Material shown =>
□ □ □
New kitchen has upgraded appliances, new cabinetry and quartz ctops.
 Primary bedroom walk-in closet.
□ □ □
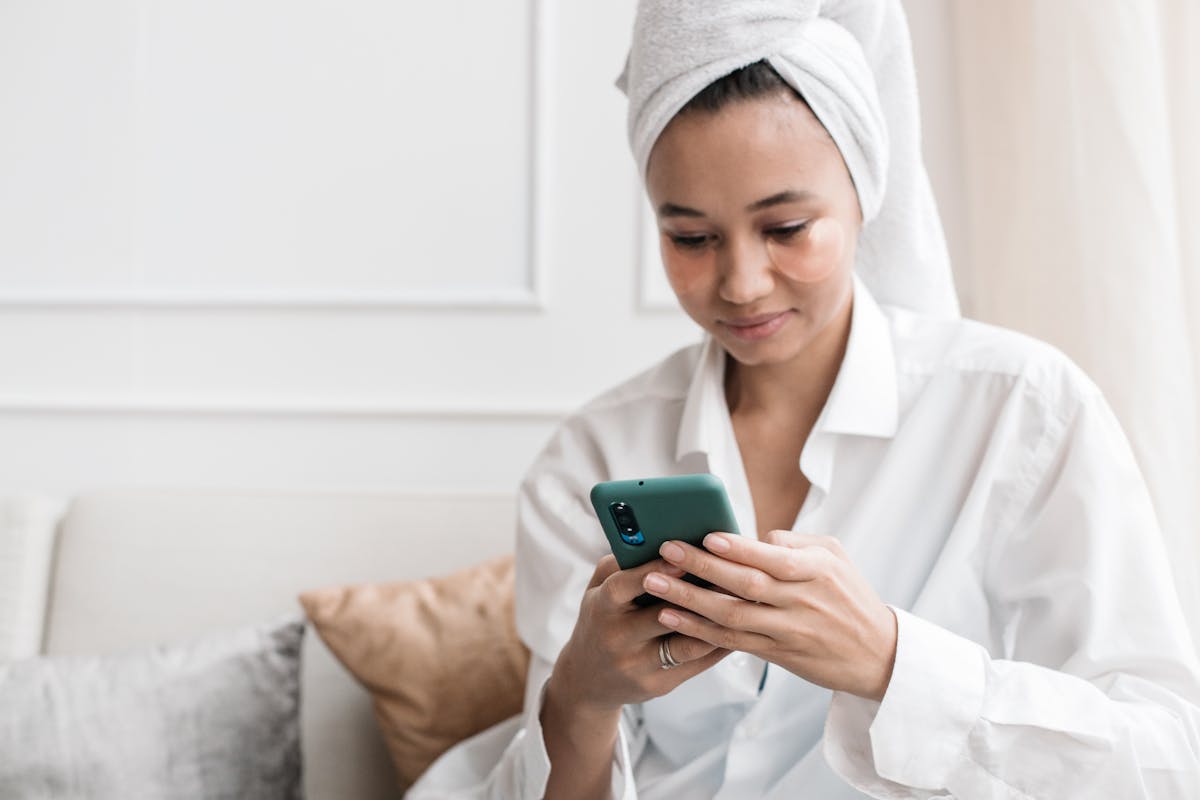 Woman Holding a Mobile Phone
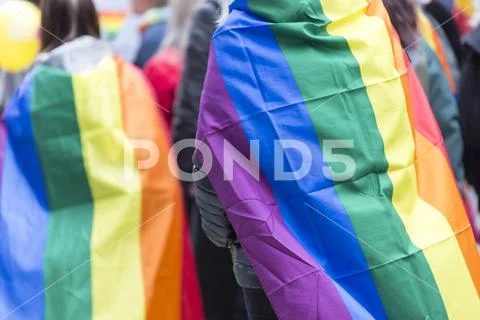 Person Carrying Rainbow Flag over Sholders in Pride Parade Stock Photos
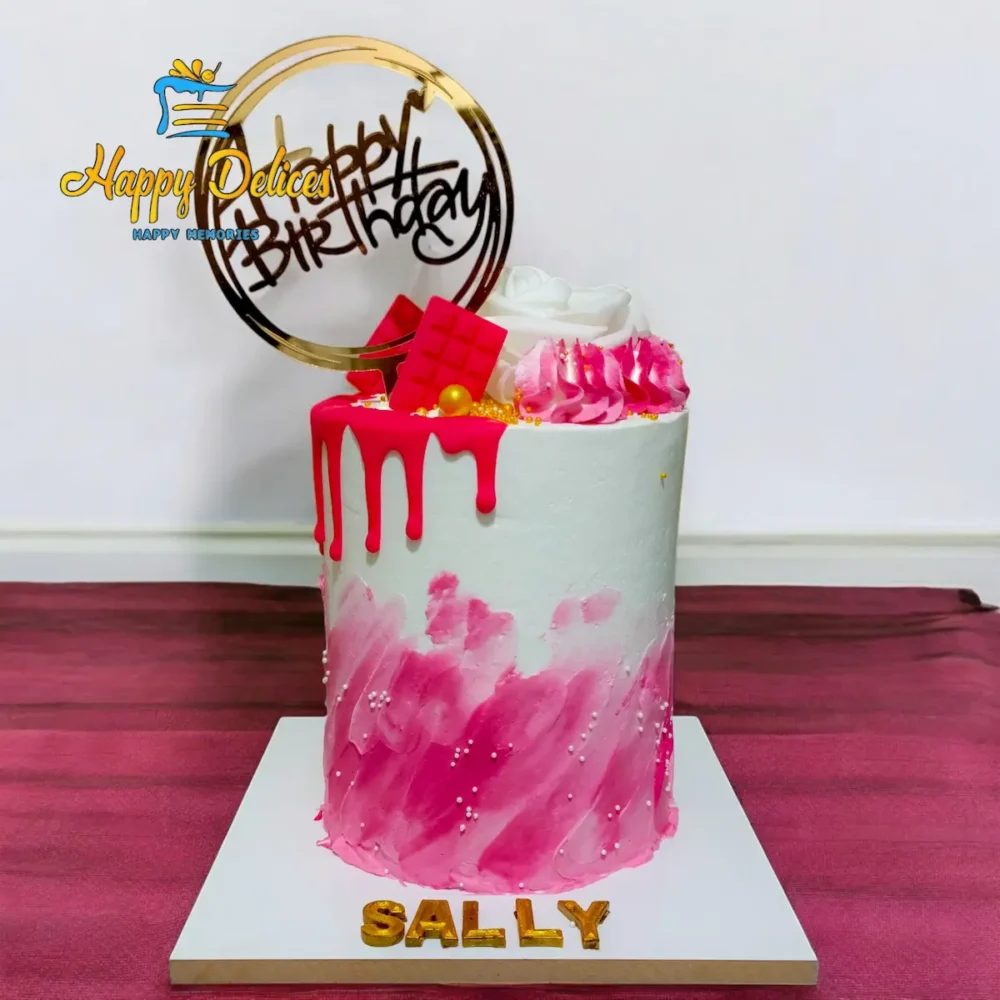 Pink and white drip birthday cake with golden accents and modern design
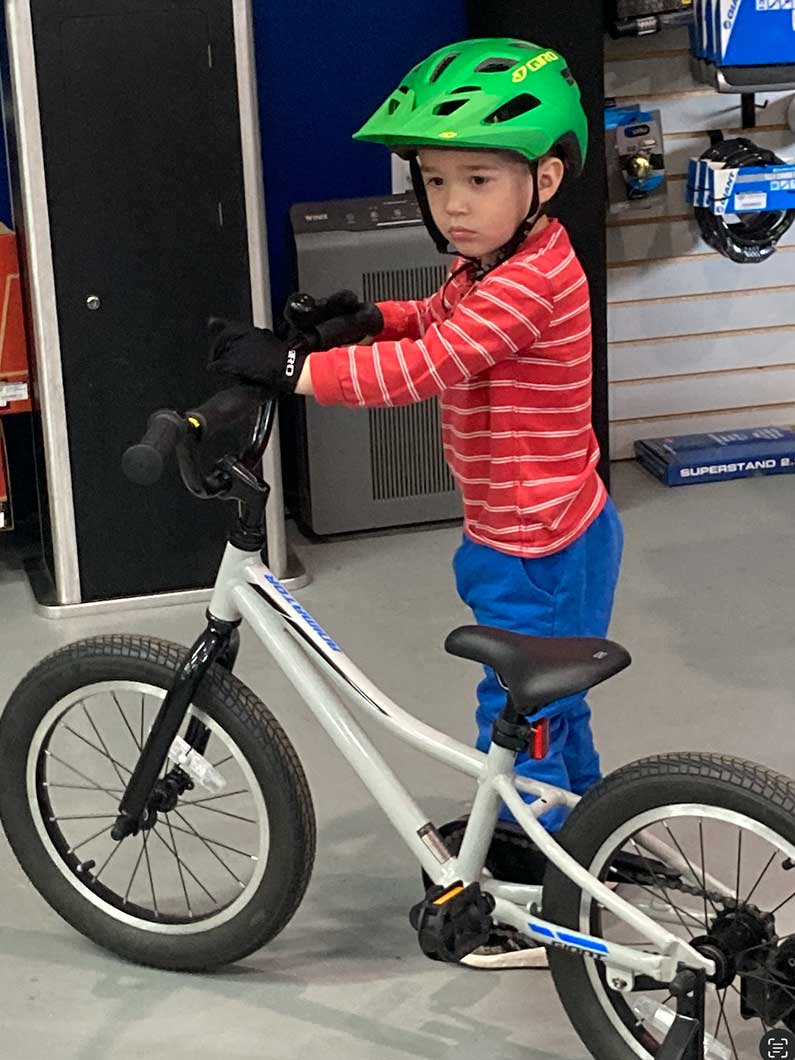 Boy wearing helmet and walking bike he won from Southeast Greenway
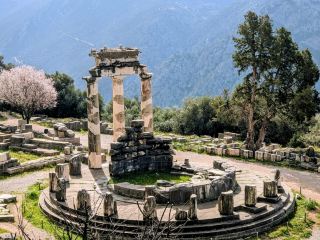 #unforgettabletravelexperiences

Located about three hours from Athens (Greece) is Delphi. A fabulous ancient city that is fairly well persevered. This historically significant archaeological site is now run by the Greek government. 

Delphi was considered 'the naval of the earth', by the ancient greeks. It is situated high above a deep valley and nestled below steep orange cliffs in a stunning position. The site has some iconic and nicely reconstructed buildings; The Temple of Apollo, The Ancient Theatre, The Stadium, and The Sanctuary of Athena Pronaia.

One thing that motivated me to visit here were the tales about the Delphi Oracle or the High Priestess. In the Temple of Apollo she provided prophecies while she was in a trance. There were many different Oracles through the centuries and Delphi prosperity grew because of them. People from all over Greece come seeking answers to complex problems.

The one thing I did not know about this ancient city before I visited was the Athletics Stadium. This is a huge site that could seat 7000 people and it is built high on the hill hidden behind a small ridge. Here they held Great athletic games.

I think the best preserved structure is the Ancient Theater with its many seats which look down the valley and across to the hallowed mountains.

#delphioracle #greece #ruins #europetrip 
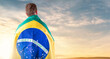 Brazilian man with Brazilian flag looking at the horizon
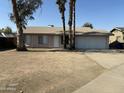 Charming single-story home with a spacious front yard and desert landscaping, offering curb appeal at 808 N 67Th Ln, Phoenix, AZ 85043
□ □ □
Work request => Look above for the line with "New kitchen has" and the line with "Primary bedroom walk-in closet.". Write out those two lines and all the lines between them, exactly, and no others.

Output for this task =>
New kitchen has upgraded appliances, new cabinetry and quartz ctops.
 Primary bedroom walk-in closet.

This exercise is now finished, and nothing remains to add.